===== DATA PROVIDED =====

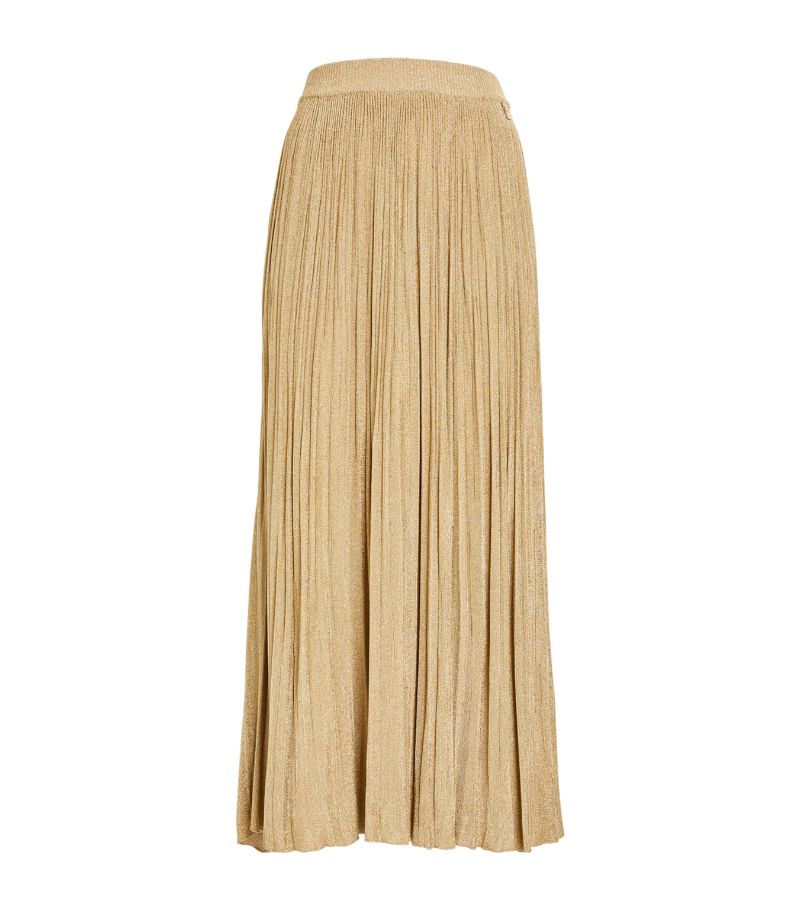 Herno Herno Pleated Midi Skirt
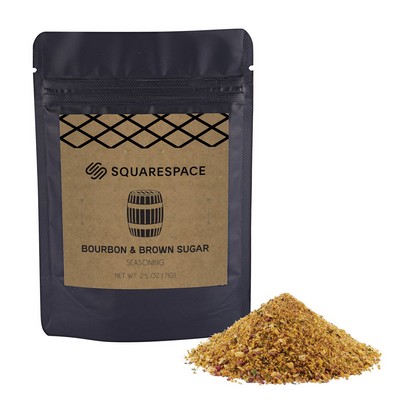 Spice Rub Resealable Bag - Bourbon Brown Sugar Rub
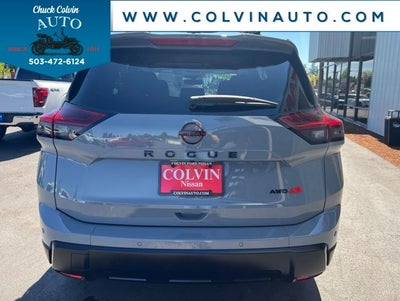 2026 Nissan Rogue Rock Creek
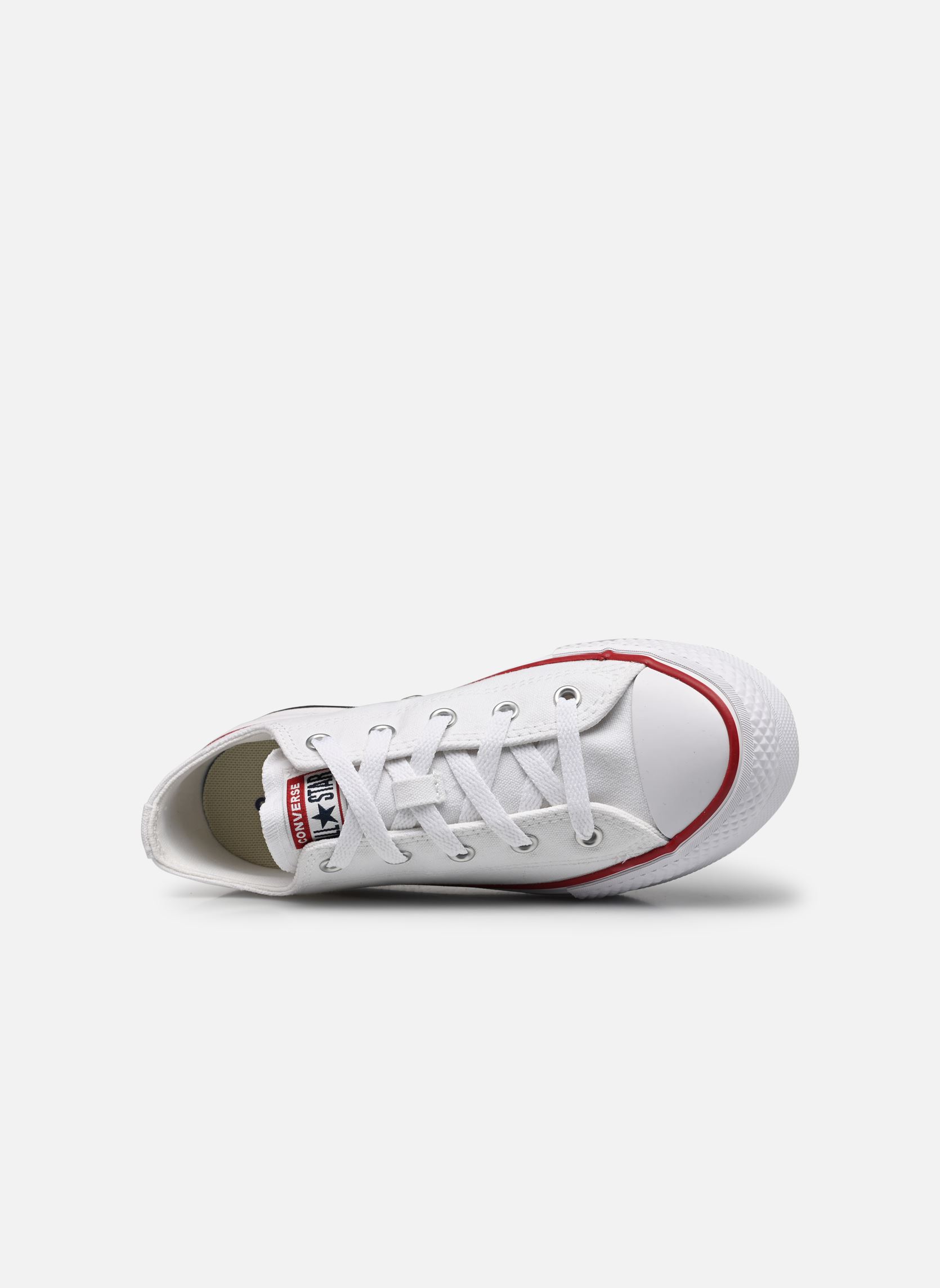 Baskets basses Chuck Taylor All Star Eva Lift Canvas Pl blanc Converse Baskets basses Chuck Taylor All Star Eva Lift Canvas Pl blanc White/Garnet/Navy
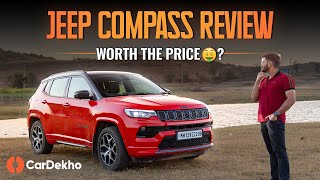 2024 Jeep Compass Review: Expensive.. But Soo Good!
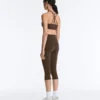 Leggings Comfortlux de cintura alta, 40 cm, até ao joelho Leggings Comfortlux de cintura alta, 40 cm, até ao joelho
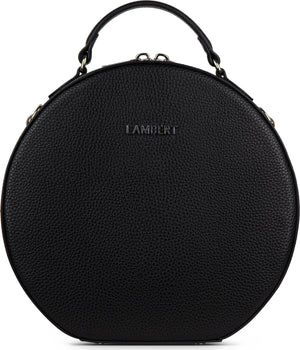 Lambert Accessories 3 In 1 Handbag Black Pebble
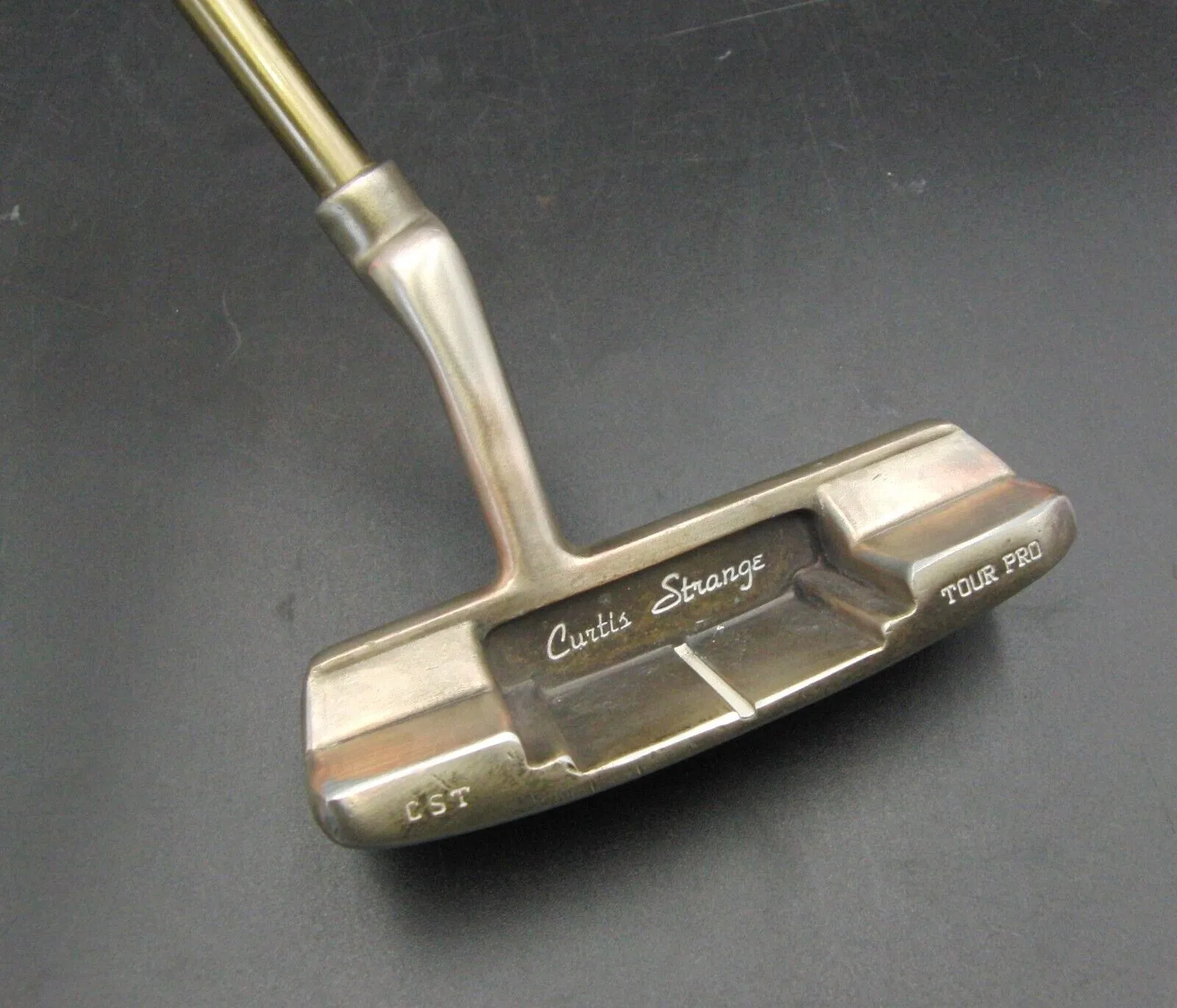 Super Rare Curtis Strange CST Tour Pro Putter Steel Shaft Length 87cm 6 Super Rare Curtis Strange CST Tour Pro Putter Steel Shaft Length 87cm - Image 4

=====

__TASK DETAILS__
Write out, word for word, only the lines from the one containing "Spice Rub Resealable" to the end of the data above; the pictures stay out.

__TASK RESULT__
 Spice Rub Resealable Bag - Bourbon Brown Sugar Rub
 2026 Nissan Rogue Rock Creek
 Baskets basses Chuck Taylor All Star Eva Lift Canvas Pl blanc Converse Baskets basses Chuck Taylor All Star Eva Lift Canvas Pl blanc White/Garnet/Navy
 2024 Jeep Compass Review: Expensive.. But Soo Good!
 Leggings Comfortlux de cintura alta, 40 cm, até ao joelho Leggings Comfortlux de cintura alta, 40 cm, até ao joelho
 Lambert Accessories 3 In 1 Handbag Black Pebble
 Super Rare Curtis Strange CST Tour Pro Putter Steel Shaft Length 87cm 6 Super Rare Curtis Strange CST Tour Pro Putter Steel Shaft Length 87cm - Image 4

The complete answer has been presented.